Exams for investors are a bad idea

ASIC chairman Greg Medcraft's suggestion that investors should sit a two hour exam before investing in certain financial products has set the cat among the pigeons.

The Australian Securities and Investment Commission (ASIC)  is intended to regulate certain financial markets. The big four banks are regulated by the Australian Prudential Regulation Authority (APRA). Among ASIC's clients are a host of deadbeats that give the appearance of being banks without being banks. The most recent failure was the Banksia ( note "Bank"sia ) finance group centred on Kyabram, a  rural township in the north of the State of Victoria. Why anyone would entrust their life savings to an institution of this nature when they could cross the street get the security of a major bank at the cost of a few percent is beyond me. But then I am a city slicker, I don't hate the banks as many country people with long memories do. As far as fixed interest investments are concerned, the difference between the return on a secure investment and a risky one is so inconsequential it is not worth bothering about.

But what the ASIC chairman was really on about were things like contracts for difference (CFDs), debentures, FX trading and self managed super funds (SMSFs).

There may be people who make money out of CFDs, let us just say I've never met anyone who has.
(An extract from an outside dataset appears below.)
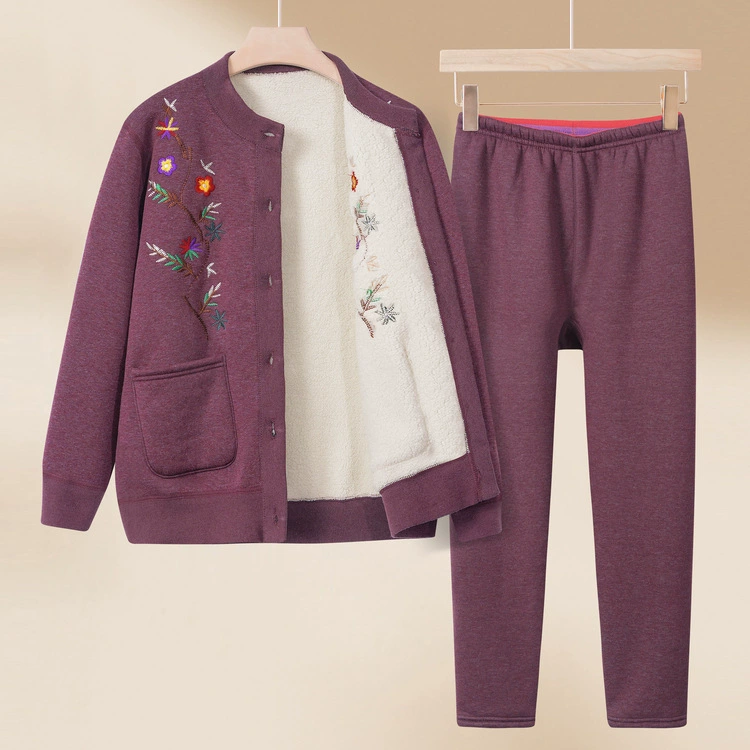 Бабушка осень и зима Новый костюм женский старый теплый костюм из двух частей мама в западном стиле утолщенное пальто на флисовой подкладке старая леди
CFDs tend to be marketed to gullible people who have no idea of  the risks involved. As for FX trading, the average punter would be competing against professional traders who in all likelihood have PhDs in maths. I was at one time fairly good at maths, but when I last tried balancing my cheque book (a long time ago when I had one) and was defeated, I decided my maths weren't up to FX trader standards. The truth is all these instruments exist to transfer money from the amateurs to the professionals, much the same as any gambling product.

Can you tell people this? Of course you can. Will they listen? Probably not. It's amazing how many people will  commit thousands to an investment they don't understand when their largest previous outlay was a Lotto ticket.
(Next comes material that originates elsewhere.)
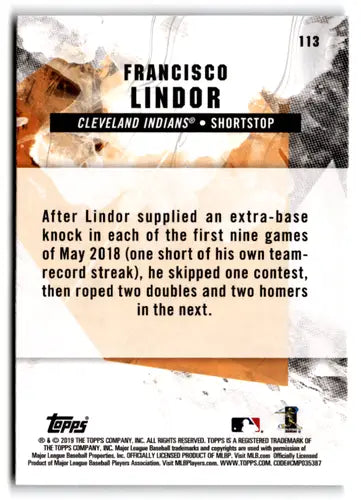 Original gloss 2019 Topps Fire Blue Chip Francisco Lindor baseball card NM-MT Indians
Any investment is about the evaluation and management of risk. Without risk, there will be no return. The greater the risk, the greater the potential return. The risk involved should  be appropriate to the individual concerned. If a young man gets dudded for a few thousand on CFDs, it will be probably be a worthwhile learning experience. For an old age pensioner, it may be the difference between eating steak or cat food.

Even if it could be shown that a two hour examination would prevent people from making foolish investments -- which I very much doubt -- do they have a place in financial management? It is not the government's role to protect people from themselves. Financial advisers, stockbrokers and a host of other professionals exist to help people invest their money. On top of all that, do we really need an exam?
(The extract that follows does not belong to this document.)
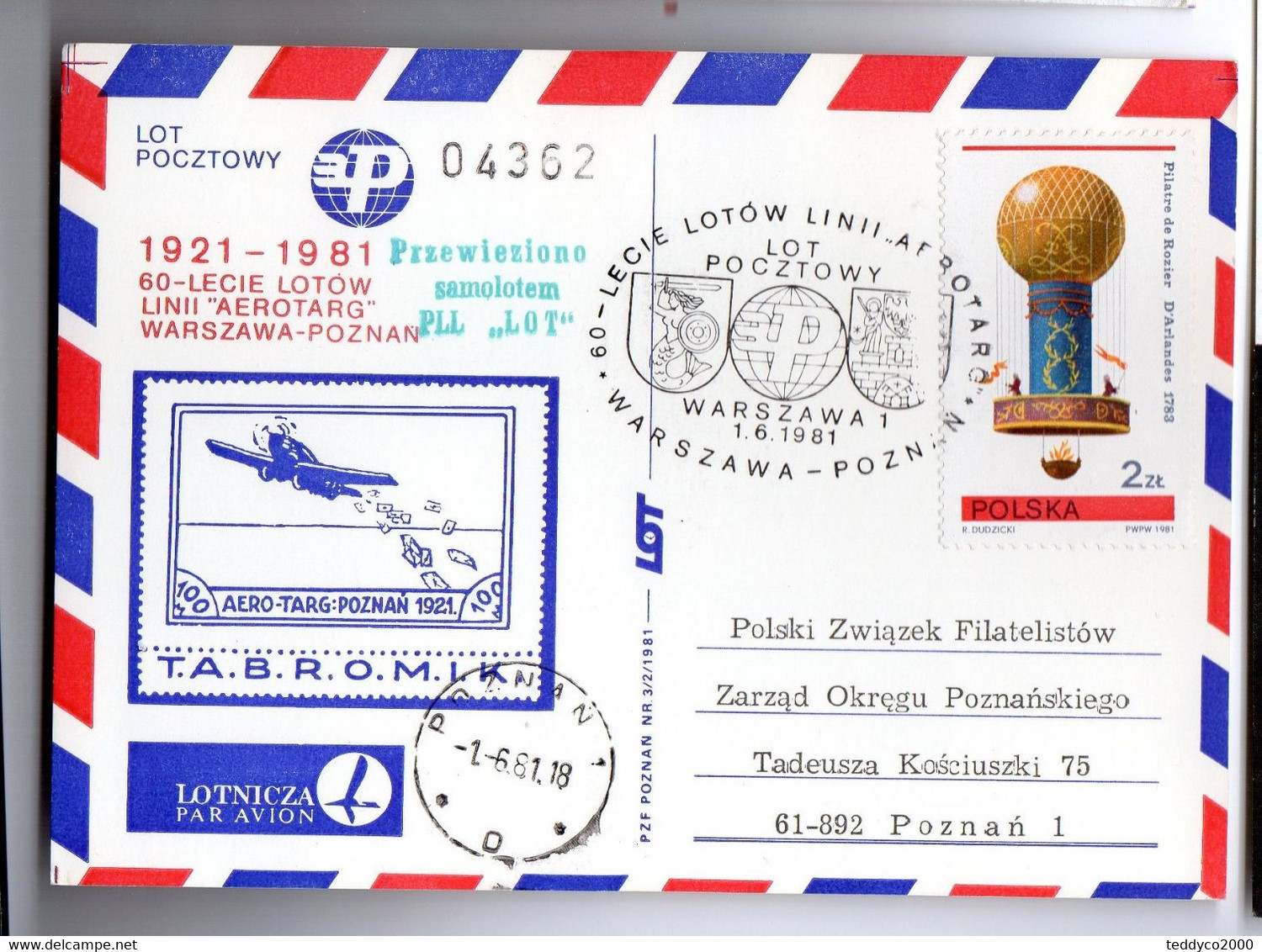 POLSKA 60 LECIE LOTOW LINII AEROTARG WARSAWA POZNAN  1921-1981 - Altri & Non Classificati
For a time I invested in what are known as "penny dreadfuls." Some people claim they make money from these stocks, which are more formally known as "small cap mining stocks". I know for a fact that some investors do make money from these stocks, but like most gamblers, you hear more about the winners than the losers. I broke about even. In the end, I decided it wasn't worth the aggravation. But if someone thinks they have found the next Woodside or News Corporation, they should be allowed to have a punt. If they want to have a share in a stock whose sole asset is an expanse of kangaroo pasture, that's their business.

A fool and his money are soon parted. It's an old saying but a true one. No investment is risk free, even if it is the risk that the capital value will be eaten away by inflation. In the end, you can't protect people from themselves. Exams for investors are a bad idea.